DF Tech Stack
Over a decade, we have designed, developed, and built from scratch the entire suite of technologies required to create the most extreme material in the universe and to integrate it with semiconductors.
The DF Tech Stack is exclusively used in our own operations.
DF Wafer Heteroepitaxy
No wafer-sized diamond existed anywhere on Earth, so we had to figure out how to create the first “mother” wafer used to produce more. We employ a technology of mind-boggling complexity called diamond heteroepitaxy that allows single-crystal diamond creation on scalable substrates.
Growing single-crystal material always depends on having a single crystal of the same material as a starting point. Otherwise, the atoms added would not know where to locate according to its atomic lattice.
Over three decades of research and development, our team members of Audiatec in Germany have developed a singular know-how to create single-crystal diamonds. By building the equipment capable of exercising precise control over how a layer of ten atoms hits a specialized nanometer sandwich of iridium and yttria-stabilized zirconia on a silicon wafer, we manage to fool these first ten atoms into thinking there is a single-crystal diamond at the bottom when there is not, creating a basis for subsequent ones.
DF Ingot Growth Reactor
Our reactor technology is now in its tenth generation, with higher quality, yield, and productivity achieved in each one.
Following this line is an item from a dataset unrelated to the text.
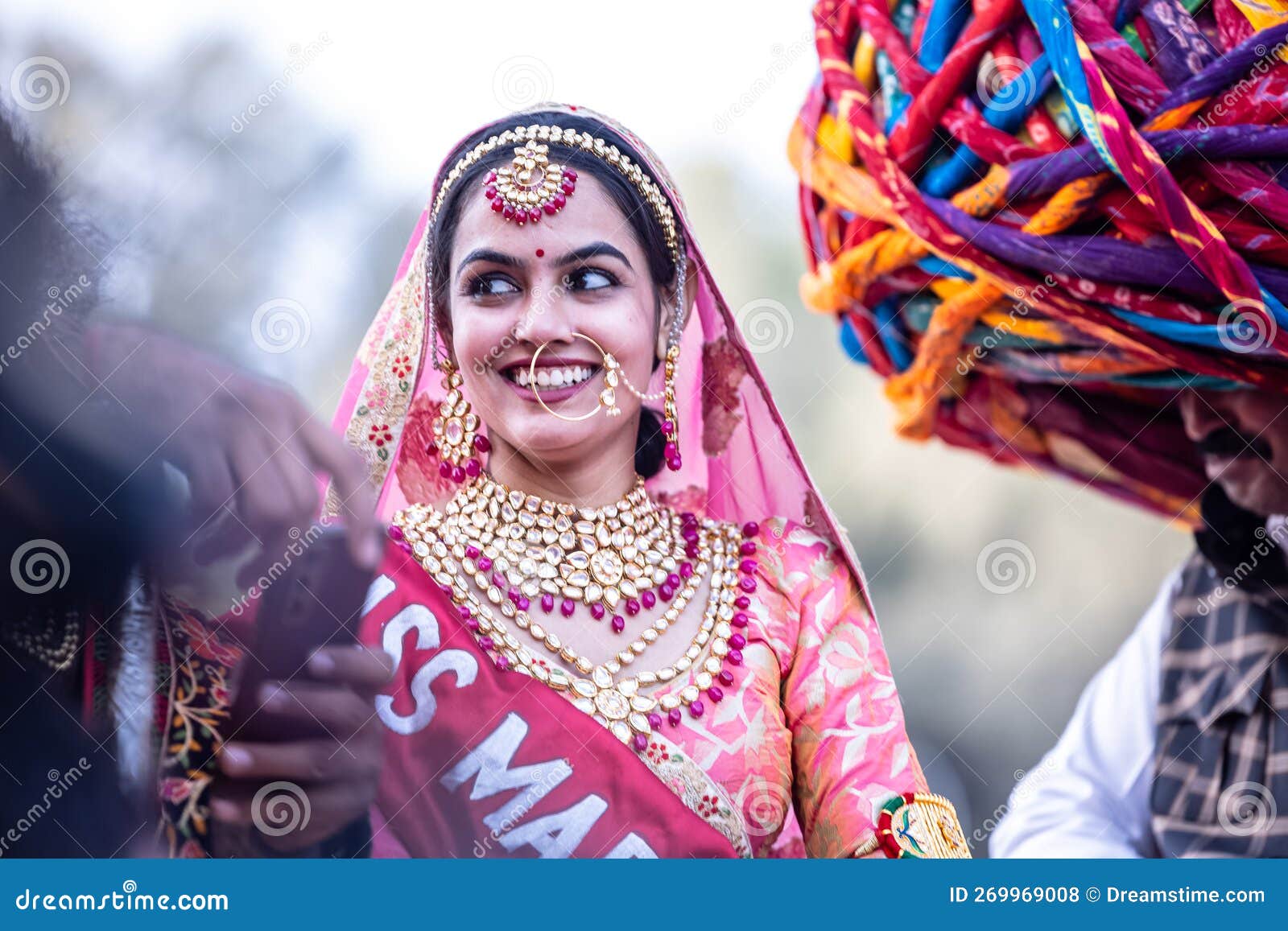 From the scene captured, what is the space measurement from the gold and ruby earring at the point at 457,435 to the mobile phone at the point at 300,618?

Each of our reactor generations has pushed the plasma to more efficient profiles, nearer to the ideal shape of a flat plasma stretched across a large area disk, which is highly unstable and difficult to achieve.
Our unique equipment architecture also solves other challenges commonly found in diamond growth reactors, such as erosion, overheating, nitrogen contamination, and the containment of high power microwaves.
DF technology enables tight process control over the quality of the diamond we create. We collect more than one billion data points for each carat of diamond produced. We use cloud computing to continually analyze and draw conclusions from these data. We can dynamically tune key parameters during the growth process.
DF Wafer Singulator
The challenge of achieving single-crystal diamond wafers does not end with the creation of a wafer-sized mother crystal. Next is the challenge of how to slice the hardest material on Earth.
Over the past several years, our veteran engineering team has developed our own equipment technology, the DF Wafer Singulator, to efficiently cut single-crystal ingots into slices.
DF Wafer Finish
We have developed cost-effective ways of finishing the surface of a diamond wafer to semiconductor-grade requirements: a flatness of as little as one single atom up or down over inches of distance.
So transistors of atomic dimensions can be embedded, semiconductor wafers have an extremely flat and smooth surface. Modern wafer bonding technologies are now employed at scale to produce wafers composed of various materials. In order to leverage these technologies, a diamond wafer has to meet identical surface requirements. We use advanced polishing technology for the hardest material in the universe to achieve this, which is not a straight-forward process.
DF Chip Bonding
We have developed a suite of techniques to put a diamond behind every chip, whether a high-power silicon, a SiC power-electronics, or a GaN communications one.
We bond the most advanced semiconductor chips across many industries to our diamond wafer substrates to eliminate the heat dissipation bottleneck that limits their performance. The bonding is extremelly reliable as we connect chips and diamond directly and atomically.